Counting Down (Compulsively) to the Last Monk


The last season of Monk began with little fanfare last week, but look for the tributes to roll in over the course of the season. The middle-aged audience for Tony Shalhoub's OCD antics will sorely miss this quirky series and hopefully USA has another addled detective comedy project in the works. Weird cops shows rarely fly on networks (Sorry, The Unusuals), but that is all that basic cable is these days.

Monk [9 PM, USA]

Monk (Tony Shalhoub) bonds with an African widower (Akinnuoye-Agbaje) while investigating a murder case involving a dead maid. Last week's episode signaled a different, more fun-loving tones to this season's plots, so hopefully they keep it up for the entire victory lap. Shalhoub might not win any more Emmys for the role (three in four years should be enough), but at least he will get to do something that requires him to be mean or angry once in a while.

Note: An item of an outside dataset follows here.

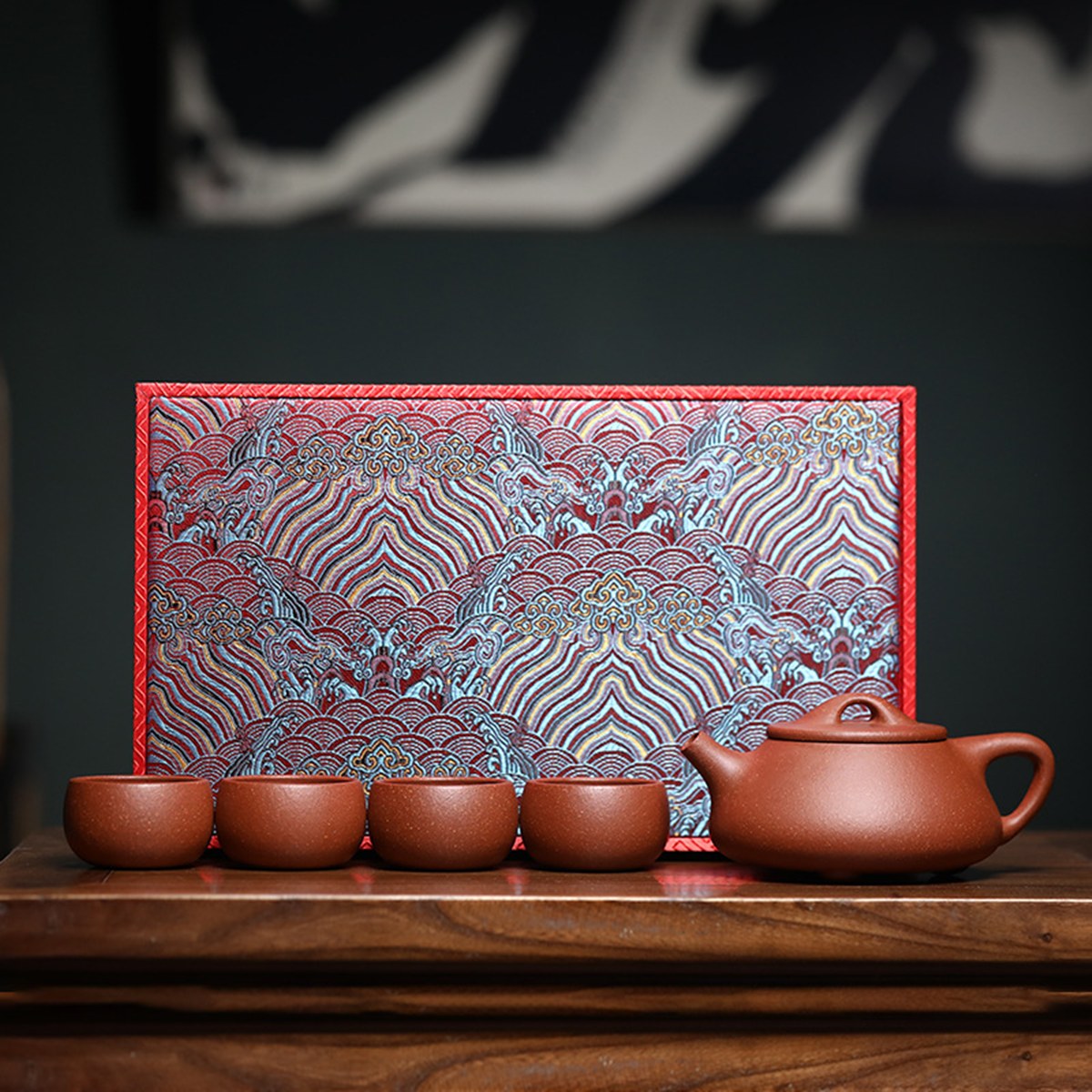 降坡泥景舟石瓢壺一壺4杯茶具禮盒套裝組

Neil Diamond - Hot August Night: NYC [8 PM, CBS]

The original Hot August Night back in the seventies featured the same songs, but "Sweet Caroline" has only improved with age. Aside from the performances at Madison Square Garden, we get to see Diamond also visit his former home in Brooklyn and discusses his successful career. While it would be cool to see him perform a bunch of his new material from Home Before Dark and 12 Songs, tonight is about the standards. Let's hope "Kentucky Woman" makes the cut.

Comedians of Chelsea Lately [10:30 PM, E!]

Chelsea Handler hangs out with her favorite comics including Heather McDonald, Loni Love, the Sklar Brothers, Brad Wollack, Whitney Cummings and Josh Wolf at LA's Club Nokia. While the Sklars have been around forever without really popping off, Cummings seems to be positioning herself as the next Sarah Silverman, which would be interesting if Sarah Silverman wasn't so young and still on top of her game.


Walk the Line [8 PM, FX]

Looking back at the nominees for the 2005 Golden Globe for Best Musical or Comedy, it's not surprising that the Johnny Cash biopic is the one that shows up most often on cable TV. The Producers is difficult to sit through on the small screen and no one would ever rewatch Mrs. Henderson Presents. As for Pride & Prejudice and The Squid and the Whale, those are OK for repeat viewing, but not really on a Friday night. Intellectuals trapped by their pride tend to be a huge buzzkill.